▶ [WHAT THE TASK ASKS]: Retype exactly what appears below from the line containing "Gorgeous tray ceiling, morning" down to the line containing "A little pop-up", keeping both end lines. Do not include pictures.

▶ [DATA FOR PROCESSING]:
——————————

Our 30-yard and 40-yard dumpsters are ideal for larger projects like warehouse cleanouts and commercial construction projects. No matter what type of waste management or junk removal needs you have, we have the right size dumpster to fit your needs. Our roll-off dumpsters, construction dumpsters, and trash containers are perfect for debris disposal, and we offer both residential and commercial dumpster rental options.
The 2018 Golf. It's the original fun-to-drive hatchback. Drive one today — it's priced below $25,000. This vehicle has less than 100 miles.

——————————

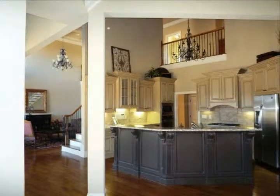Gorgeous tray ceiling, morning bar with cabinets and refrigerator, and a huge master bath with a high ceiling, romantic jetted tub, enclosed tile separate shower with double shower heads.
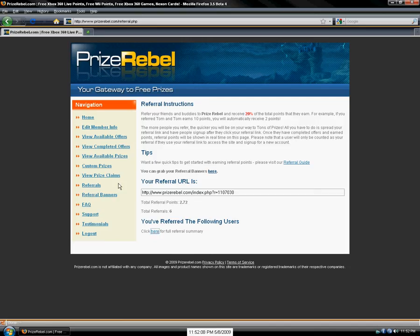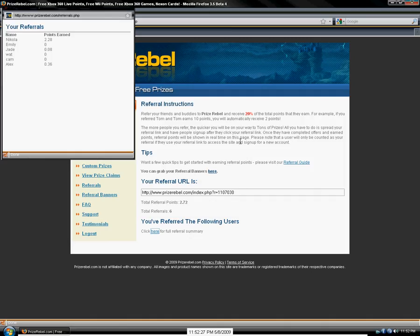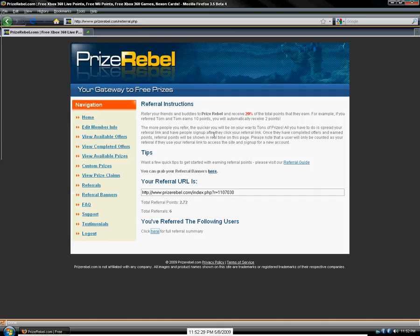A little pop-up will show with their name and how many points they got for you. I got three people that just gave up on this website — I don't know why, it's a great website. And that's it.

——————————

▶ [WRITTEN REPLY]:
Gorgeous tray ceiling, morning bar with cabinets and refrigerator, and a huge master bath with a high ceiling, romantic jetted tub, enclosed tile separate shower with double shower heads.
A little pop-up will show with their name and how many points they got for you. I got three people that just gave up on this website — I don't know why, it's a great website. And that's it.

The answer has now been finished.